Task. Lines after the one containing "Of Page 1-4.webp" are to be omitted; print exactly each line from the start of the records up to and including it.

Records from a data source
-- Opening Marker --
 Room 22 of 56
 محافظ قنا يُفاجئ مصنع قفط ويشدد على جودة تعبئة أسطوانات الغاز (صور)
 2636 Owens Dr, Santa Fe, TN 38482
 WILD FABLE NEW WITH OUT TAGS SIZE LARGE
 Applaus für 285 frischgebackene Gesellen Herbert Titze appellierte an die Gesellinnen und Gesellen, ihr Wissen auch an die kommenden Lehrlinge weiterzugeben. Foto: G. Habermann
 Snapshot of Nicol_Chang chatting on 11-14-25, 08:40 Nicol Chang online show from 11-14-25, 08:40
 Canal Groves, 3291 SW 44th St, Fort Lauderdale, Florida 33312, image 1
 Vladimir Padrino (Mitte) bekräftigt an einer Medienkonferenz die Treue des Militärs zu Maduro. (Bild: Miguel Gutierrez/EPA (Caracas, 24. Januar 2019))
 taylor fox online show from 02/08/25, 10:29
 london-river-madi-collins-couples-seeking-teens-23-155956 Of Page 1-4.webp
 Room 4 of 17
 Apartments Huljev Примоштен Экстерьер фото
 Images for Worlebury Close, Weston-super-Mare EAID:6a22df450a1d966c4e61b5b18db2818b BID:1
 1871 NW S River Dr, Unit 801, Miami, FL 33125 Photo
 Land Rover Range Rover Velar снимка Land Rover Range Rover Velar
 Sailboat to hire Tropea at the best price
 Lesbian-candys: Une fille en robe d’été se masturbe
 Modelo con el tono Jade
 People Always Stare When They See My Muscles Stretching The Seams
-- Closing Marker --
Answer for the task.
 Room 22 of 56
 محافظ قنا يُفاجئ مصنع قفط ويشدد على جودة تعبئة أسطوانات الغاز (صور)
 2636 Owens Dr, Santa Fe, TN 38482
 WILD FABLE NEW WITH OUT TAGS SIZE LARGE
 Applaus für 285 frischgebackene Gesellen Herbert Titze appellierte an die Gesellinnen und Gesellen, ihr Wissen auch an die kommenden Lehrlinge weiterzugeben. Foto: G. Habermann
 Snapshot of Nicol_Chang chatting on 11-14-25, 08:40 Nicol Chang online show from 11-14-25, 08:40
 Canal Groves, 3291 SW 44th St, Fort Lauderdale, Florida 33312, image 1
 Vladimir Padrino (Mitte) bekräftigt an einer Medienkonferenz die Treue des Militärs zu Maduro. (Bild: Miguel Gutierrez/EPA (Caracas, 24. Januar 2019))
 taylor fox online show from 02/08/25, 10:29
 london-river-madi-collins-couples-seeking-teens-23-155956 Of Page 1-4.webp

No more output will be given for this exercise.